当時、恵比寿ガーデンプレイス(’95年開業)は、20世紀最後の大再開発と呼ばれていたので、そこで働けることになった高揚感は今も忘れることができません。

バブルがはじけて株価や不動産価格が暴落し、「足元を見つめ、身の回りのものを充実させることで人生を豊かにしましょう」という考えが芽生えはじめた時代。
ガーデンプレイスはそんなバブル後の価値観を体現しようとしていた場所で、三越ではそれまでのザマス的な路線を放棄し、日常の生活に密着したものを扱っていました。百貨店という概念を捨て、五十貨店として、いや、二十貨店として、量より質で勝負しようぜ、という感じで新しい店づくりがなされていたのです。
隣にあったガーデンシネマでは、ヨーロッパの粋な小品が上映されていたりして、新しい文化を醸成しようという機運が、ガーデンプレイス全体に満ちていたような気がします。

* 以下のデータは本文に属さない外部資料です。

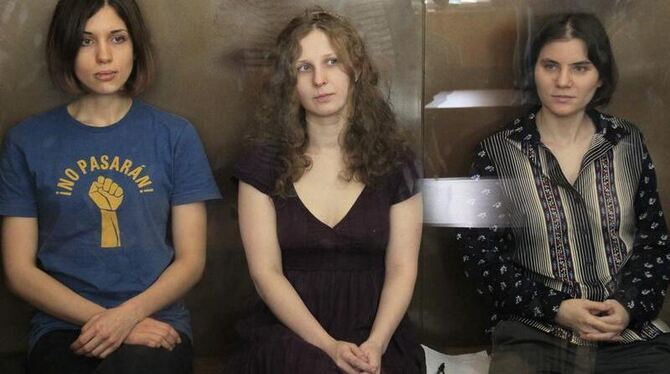 Die drei Musikerinnen der Punkband Pussy Riot im Gerichtssaal in Moskau. Foto: Sergei Chirikov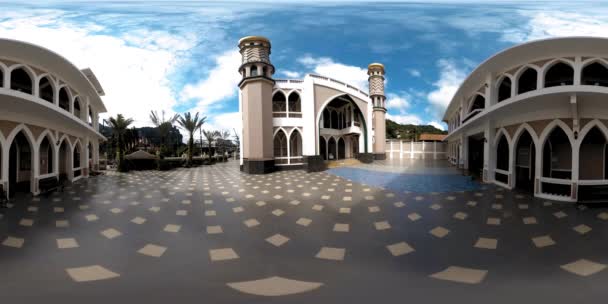 360 VR exteriör av inre torg i moskén med islamisk muslimsk byggnad. Historiskt monument. — Stockvideo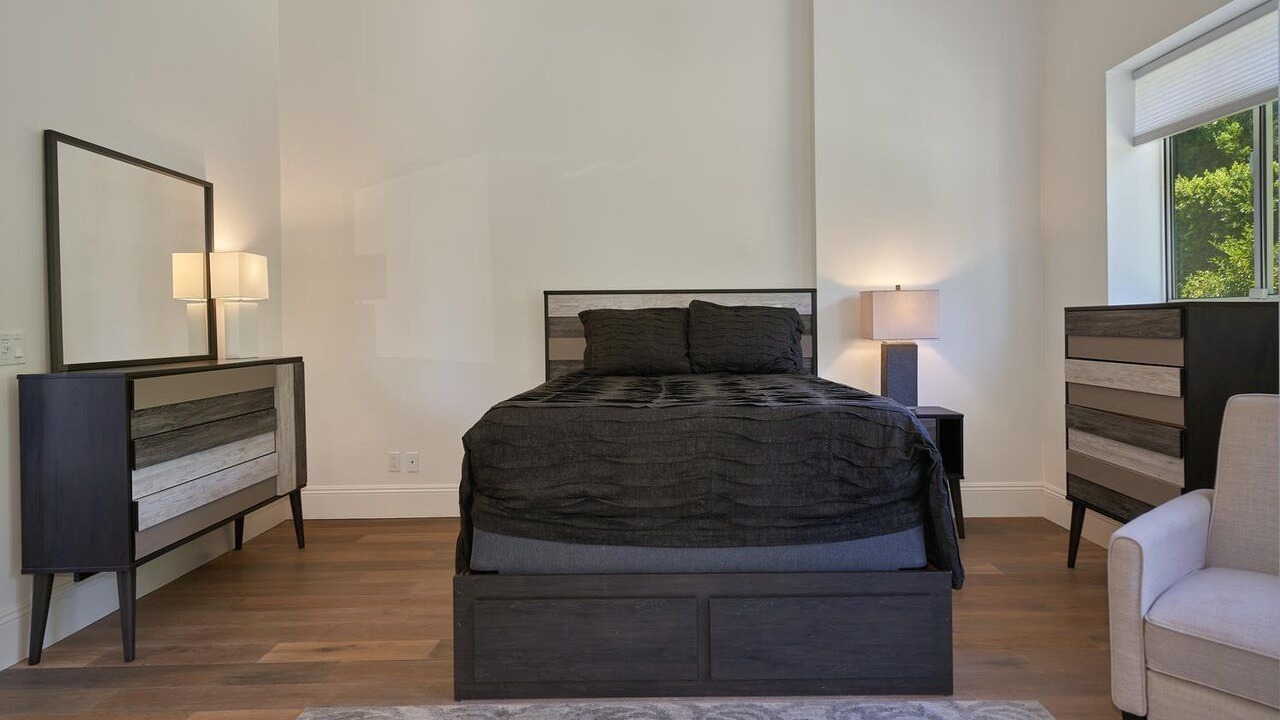 Photo of Bedroom in The Movie Colony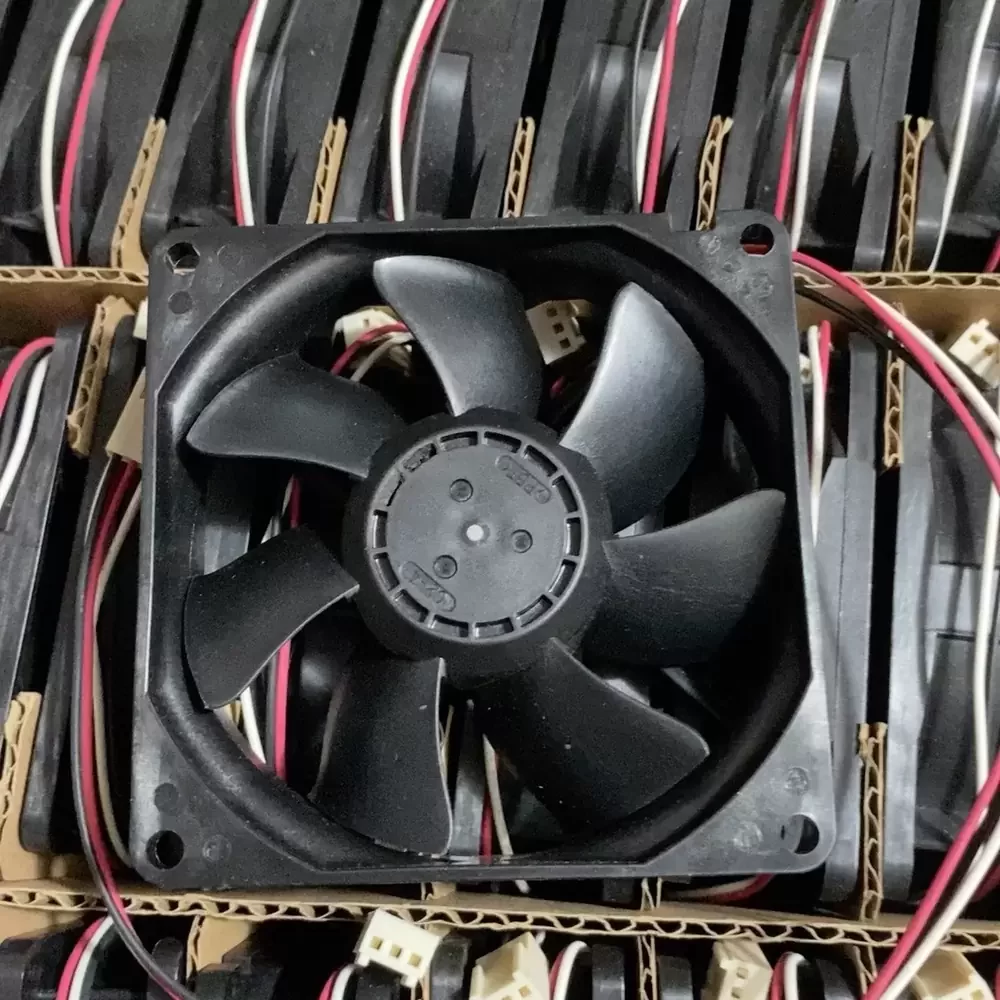 08025SA-12R-ET-01 NMB 12VDC 80x80x25mm 0.50A Axial Fan 08025SA-12R-ET-01 NMB 12VDC 80x80x25mm 0.50A Axial Fan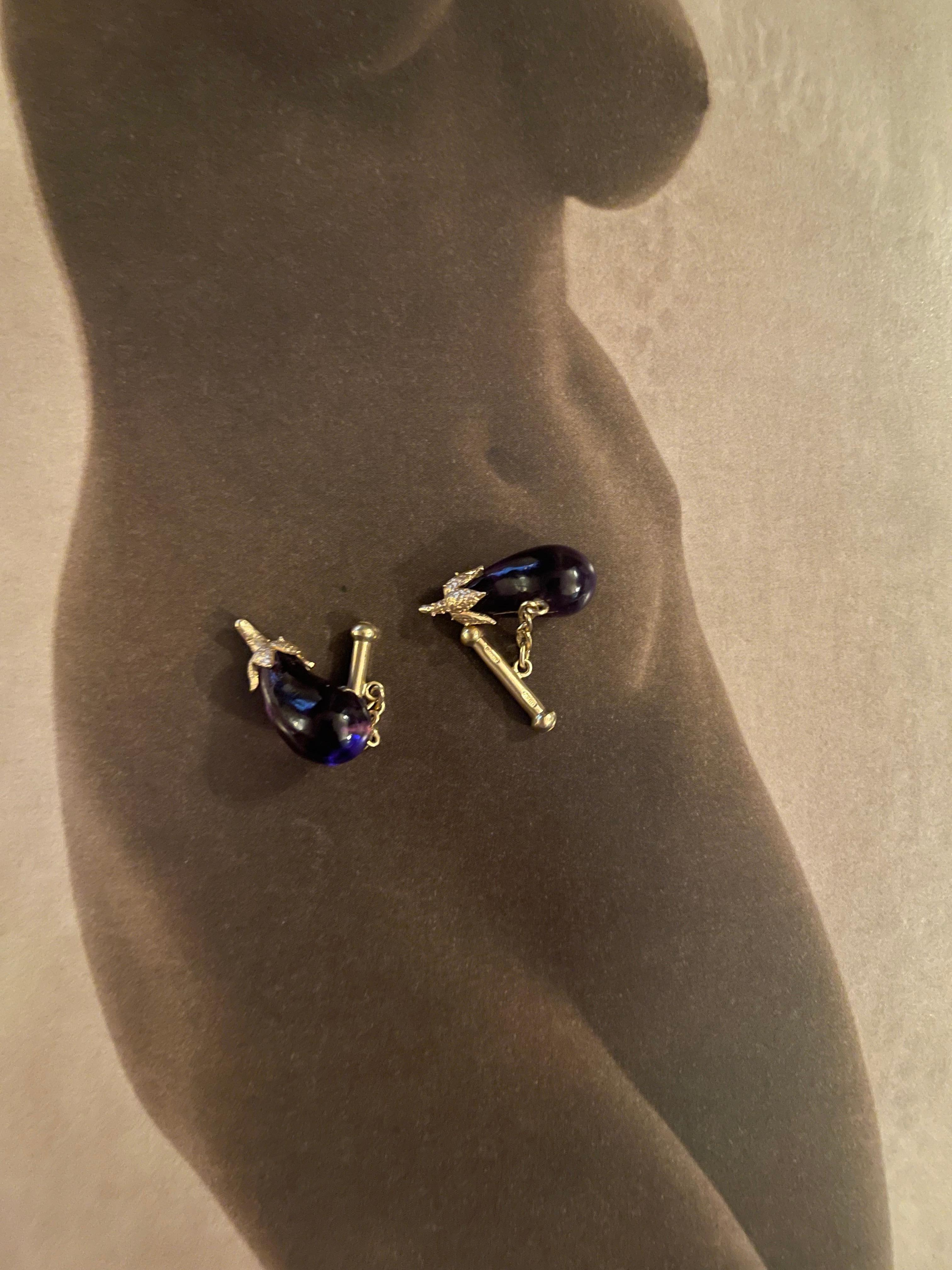 Ouroboros Amethyst Aubergine and 18kt Gold Cufflinks In New Condition For Sale In London, GB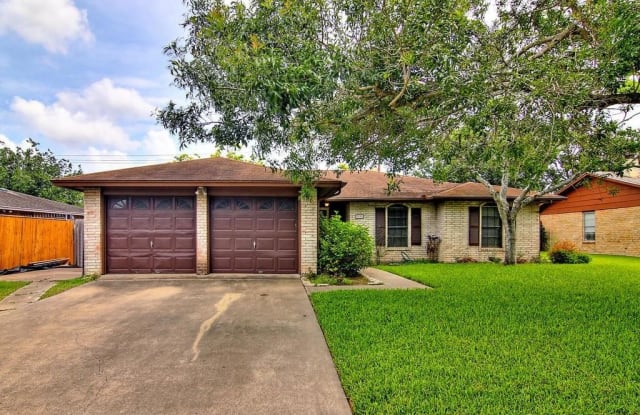 3610 Grassmere Dr - 3610 Grassmere Dr, Corpus Christi, TX 78415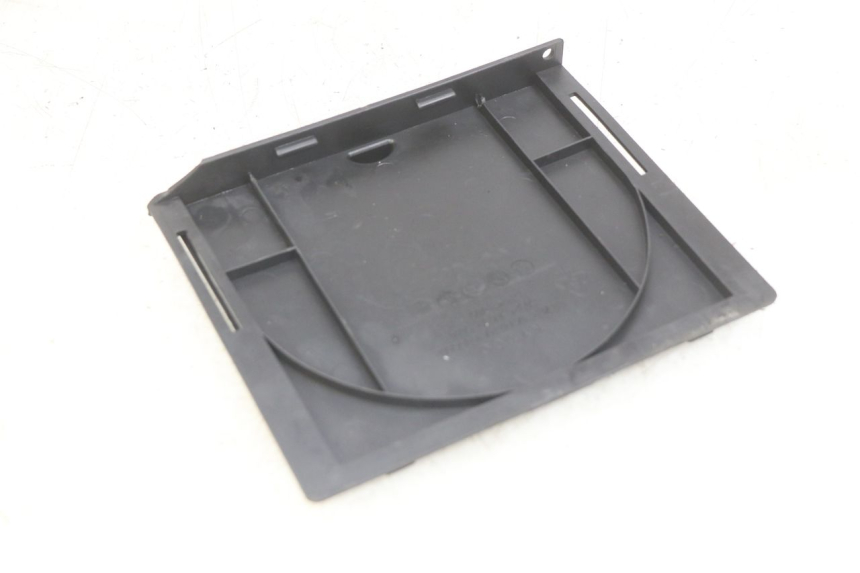 photo de CACHE BATTERIE KYMCO DOWNTOWN ABS 125 (2015 - 2017) - Autre angle de vue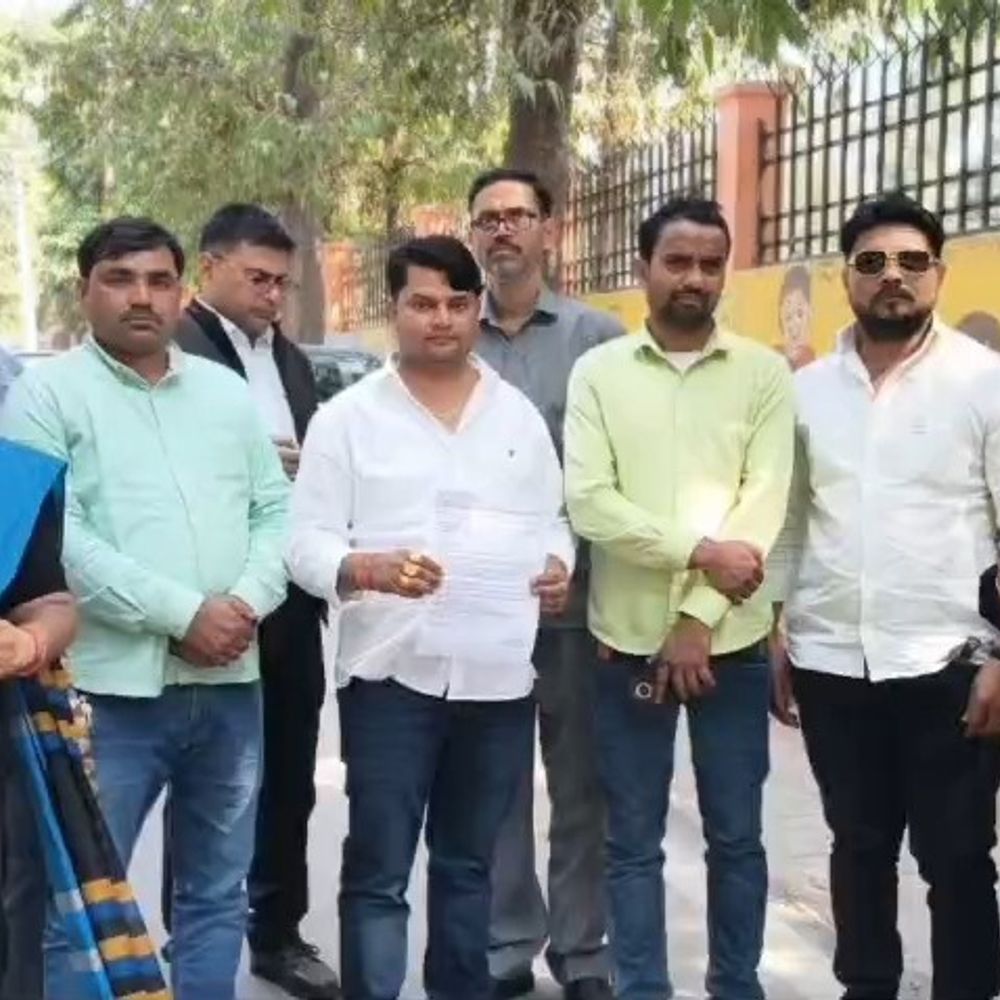 'यादव जी की लव स्टोरी' फिल्म पर विरोध:यदुवंशी महासभा ने डीएम को ज्ञापन सौंपा, सामाजिक गरिमा को ठेस पहुंचाने का आरोप लगाया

器に関しても、「○○焼の××窯の高級陶器ザマス」とか「△△センセイのお作ザマス」とかではなく、「自分の感覚を信じて、気に入ったものを日常の中で使っていきましょうね」という、今の器ブームにつながる考えが広がっていったのが、この時期。
店内の異動によって、’00年から僕が在籍した生活用品の売場「暮らしの和」は、若手作家に注目したり、小鹿田などの民藝を見直したり、波佐見のプロダクトを取り上げてみたり、そういうものを編集して紹介する先駆的存在でした。

この売場は、職場であると同時に、器や工藝とまったく接点がなかった僕にとっては学び舎だったと言えるかもしれません。
北は岩手から南は沖縄まで、全国各地を回り、工藝に関わる諸々を一から学ぶことができました。下っ端のペーペーだったからお給料は驚くほど安かったけれど、そんなことは帳消しになるくらい、いろいろなことを勉強することができたと思います。


恵比寿は、三越時代から20年近く通っている美容室があるので、今でもひと月に一回は訪れる街。

遠回りになっちゃうから、ふだんはガーデンプレイスには寄らないのだけれど、昨日は髪を切った帰り、久々に足を延ばしてみました。
さすがに、辞めてから14年も経つので、もう知り合いもいないし、リニューアルして、店内の雰囲気はまったく様変わり。
そして、平日とは言え、どのフロアも閑散としていることに一抹の寂しさを覚えました。

すでに開業24年。
都心部では今世紀に入って巨大な再開発が続いたため、ガーデンプレイスはすっかり影が薄くなってしまいました。かつて、新たな価値観を創造するために様々な試行錯誤がなされてきたことなど、とうに忘れ去られていることでしょう。でも、それまでの価値観が音を立てて崩れ去っていく中、独自路線でなかなかの踏ん張りを見せたのが、恵比寿の三越だったように思います。

僕自身、そんなDNAを受け継いでいる自負はあるので、これからの時代でも通用する概念を自分の内で大事に守り育てていきたいと考えています。
先月から今月にかけて、改元に関わるお祭り騒ぎを醒めた目で見ていた僕だけれど、やはり、自分なりに前の時代の総括がしたかったのかもしれませんね。昨日、わざわざガーデンプレイスまで足を延ばしたのも、そういう意味合いがあったのかな、と。


三越伊勢丹さんには、平成の良き遺産であるこのエポックメイキングな店を、もう少しきちんと手をかけて育ててあげてほしいと思います。
かつての学び舎が姿を消すようなことになってほしくないので。